# Problem to solve
With the pictures left out, write out exactly the lines of the listing below that run from the line with "4633 Hidden Creek" through the line with "Young couple at".

# Given information
※

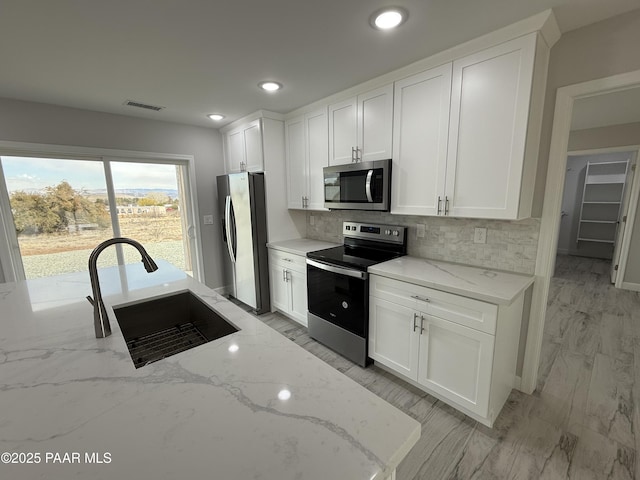 kitchen featuring white cabinets, light stone countertops, sink, and appliances with stainless steel finishes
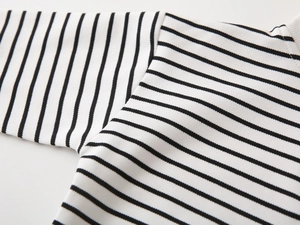 Detailed view of the black and white striped knit fabric and ribbed neckline of the sweatshirt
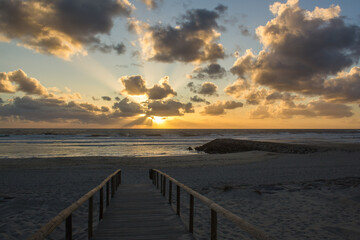 Fototapeta na wymiar Sunset through the clouds in New coast beach ,Aveiro , Portugal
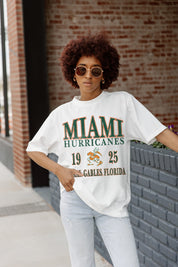 Ivory Miami Hurricanes Unity Oversized Crewneck Tee - Front Graphic Detail On Model Brick Wall | Gameday Couture - SOHO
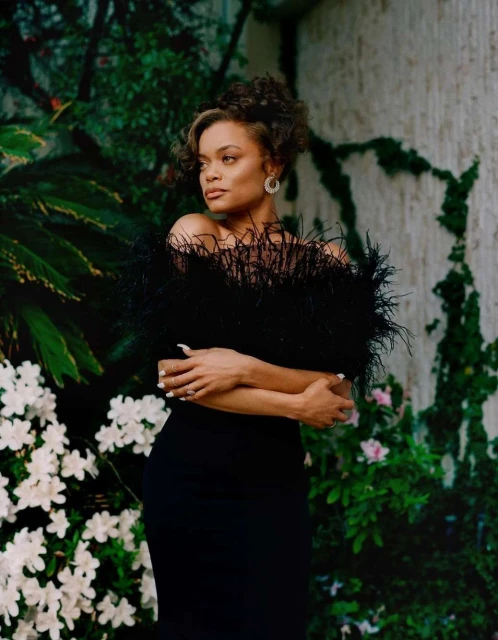 Elegant woman in a black dress poses against a lush green background with white flowers, creating a striking contrast of colors and textures.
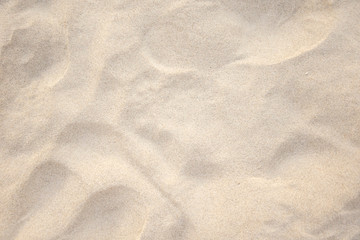 Naklejka na ściany i meble sand on the beach background. Top view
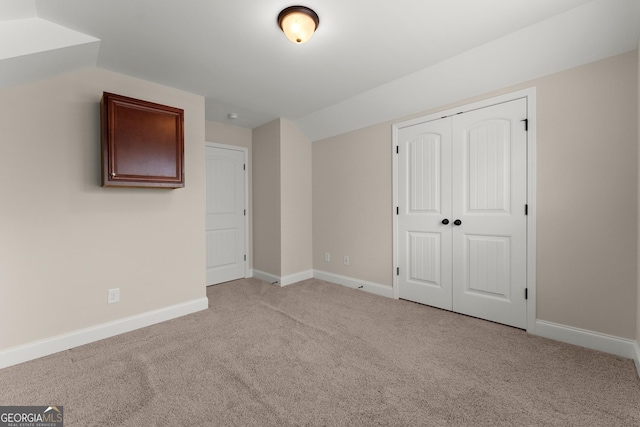 4633 Hidden Creek Dr, Gainesville, GA 30504 - unfurnished bedroom featuring vaulted ceiling, carpet, baseboards, and a closet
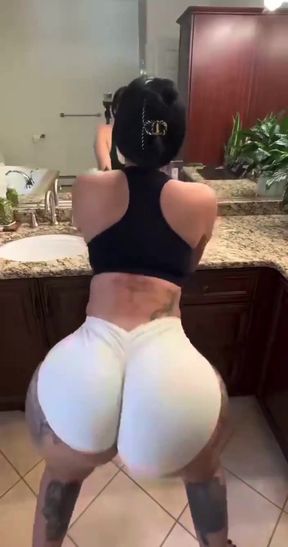 Female Onlyfans Model in Kitchen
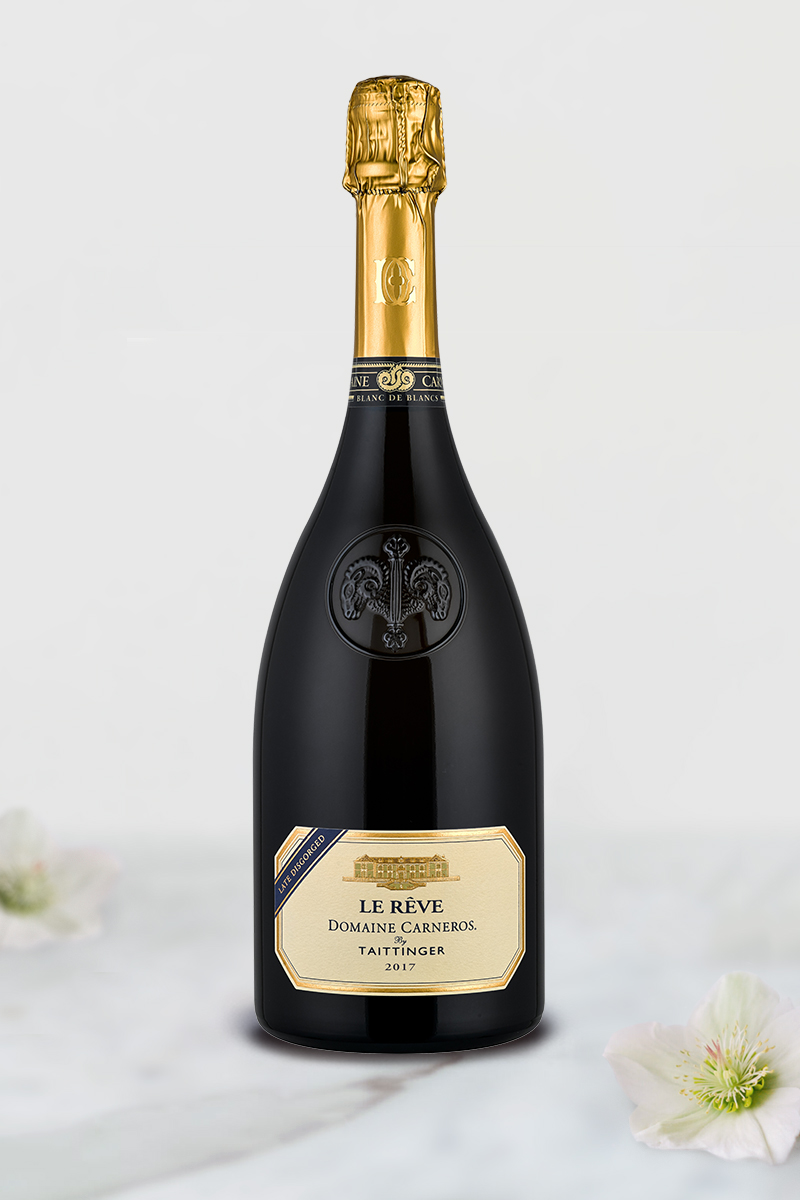 Bottle of 2017 Late Disgorged Le Reve on marble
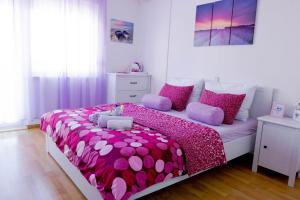 um quarto com uma cama rosa e branca com almofadas cor-de-rosa em Villa Barbara em Split
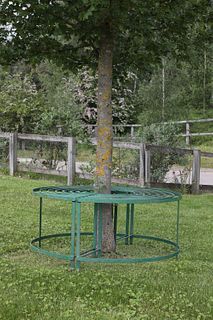 A Regency-style green-painted wrought iron tree seat,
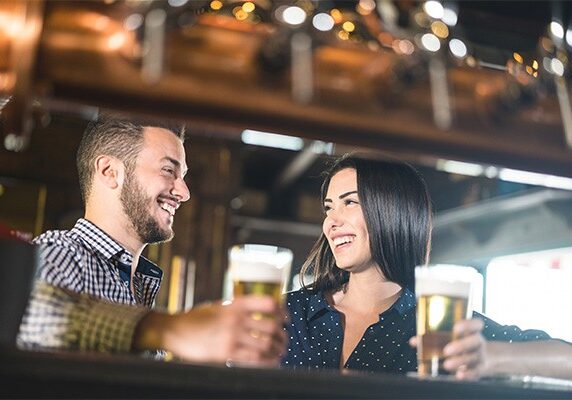 Young couple at beginnings of love story - Pretty woman drinking beer with handsome man at pub - Relationship lovers concept with drunk boyfriend and girlfriend together at brewery - Warm retro filter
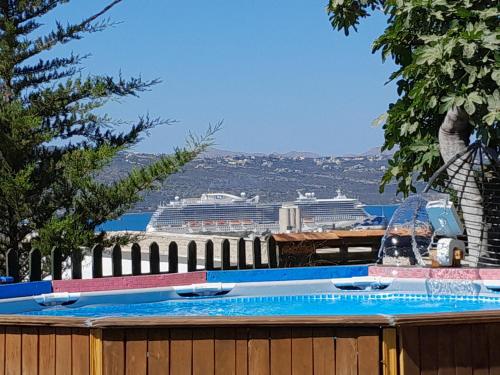a swimming pool with a cruise ship in the background at Michaela's House in Tsikalariá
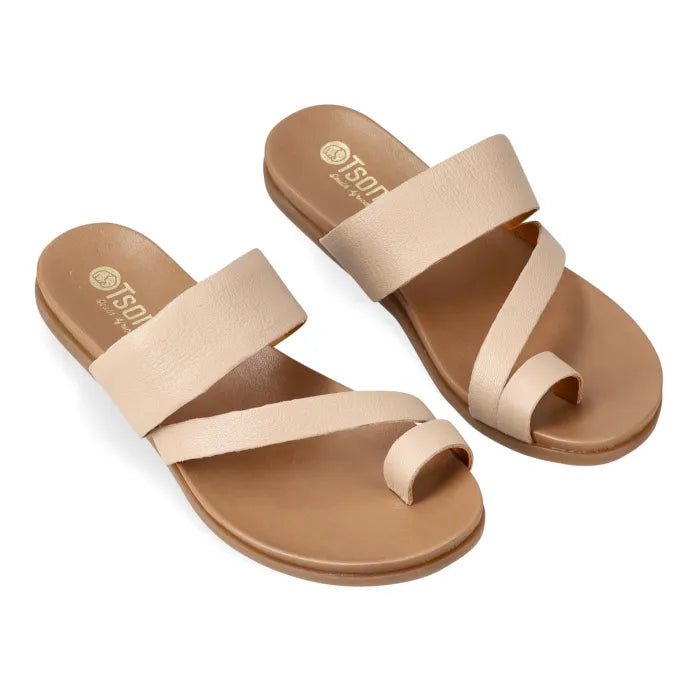 Pair of beige sandals with a visible brand logo on a white background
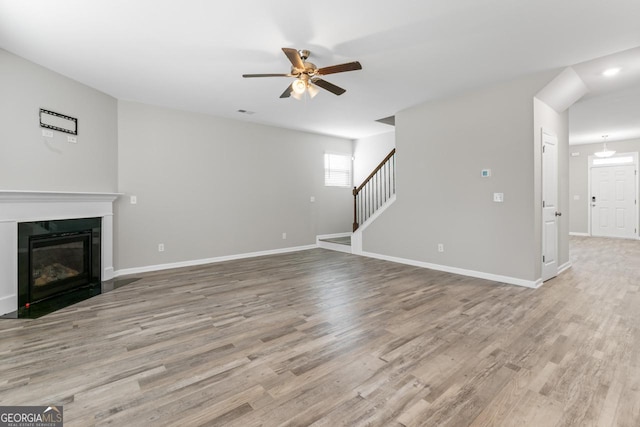 unfurnished living room with light wood-style floors, baseboards, stairway, and a fireplace with flush hearth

※

# Output for this task
 4633 Hidden Creek Dr, Gainesville, GA 30504 - unfurnished bedroom featuring vaulted ceiling, carpet, baseboards, and a closet
 Female Onlyfans Model in Kitchen
 Bottle of 2017 Late Disgorged Le Reve on marble
 um quarto com uma cama rosa e branca com almofadas cor-de-rosa em Villa Barbara em Split
 A Regency-style green-painted wrought iron tree seat,
 Young couple at beginnings of love story - Pretty woman drinking beer with handsome man at pub - Relationship lovers concept with drunk boyfriend and girlfriend together at brewery - Warm retro filter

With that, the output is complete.